The budget office said the city’s budget surplus is typically allocated to supplemental budgets and cannot be used for a single large project.
In 2024, a PHP 500 million surplus was used as the fund source for Supplemental Budget No. 1 in 2025.
For 2025, no surplus has yet been declared, as the City Accounting Office is still finalizing its reports.
Capulso said surplus funds are typically identified as sources for supplemental budgets, which can be used to fully fund accounts that receive only partial allocations in the annual budget.
She said the annual budget is based on estimates and is insufficient to cover all the city’s needs.
Partial funding in the annual budget is balanced through supplemental budgets to ensure ongoing city operations.
Not a cause for concern
Capulso said the public should not worry about the loan plan because the city government remains in a stable financial position.
She said the city is in a strong position to take on the new loan because two previous major loans will be fully settled by 2027.
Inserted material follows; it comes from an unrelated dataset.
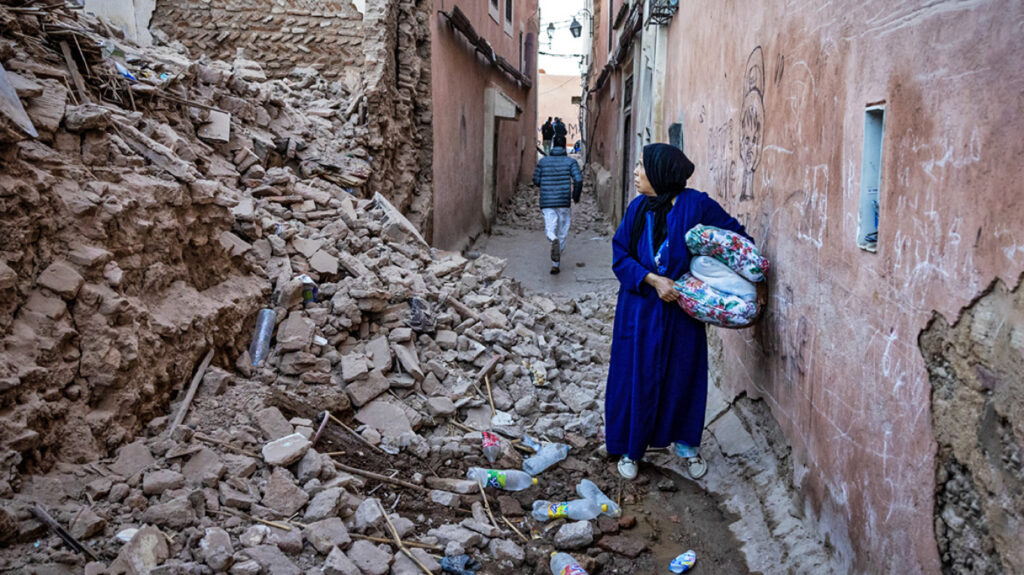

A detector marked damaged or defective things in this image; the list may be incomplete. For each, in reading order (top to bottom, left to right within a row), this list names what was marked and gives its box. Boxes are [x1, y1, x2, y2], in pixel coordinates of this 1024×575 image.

broken stick [168, 343, 215, 433]
cracked wall [921, 276, 1024, 568]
“I don’t know where the doubts are coming from because before we contracted the loan, our City Council had a committee hearing, and from there the Local Finance Committee is involved, particularly the City Treasurer, who assesses the city’s repayment capacity based on the loan terms,” she said.
The loans include a PHP 292 million loan from the DBP for the Calajunan sanitary landfill and a PHP 10.6 million loan from the National Housing Authority for infrastructure projects in resettlement sites.
Capulso said both loans, acquired in 2012, will be fully closed by 2027, reducing the city’s current debt obligations.
“That’s minus 2 in our loans. That’s why it is timely that we contract a new PHP300 million loan. The existing amortization payments won’t change because the two previous loans will be fully paid off. That’s why it’s the right time to take out this new loan,” she said.
Capulso said the loan approval process includes strict background checks, adding that she does not understand criticisms questioning the city government’s financial capacity.
“DBP does not grant loans without background checks. We also have a clearance from the Bureau of the Treasury confirming that the city has the capacity to contract and pay according to the amortization schedule,” she said.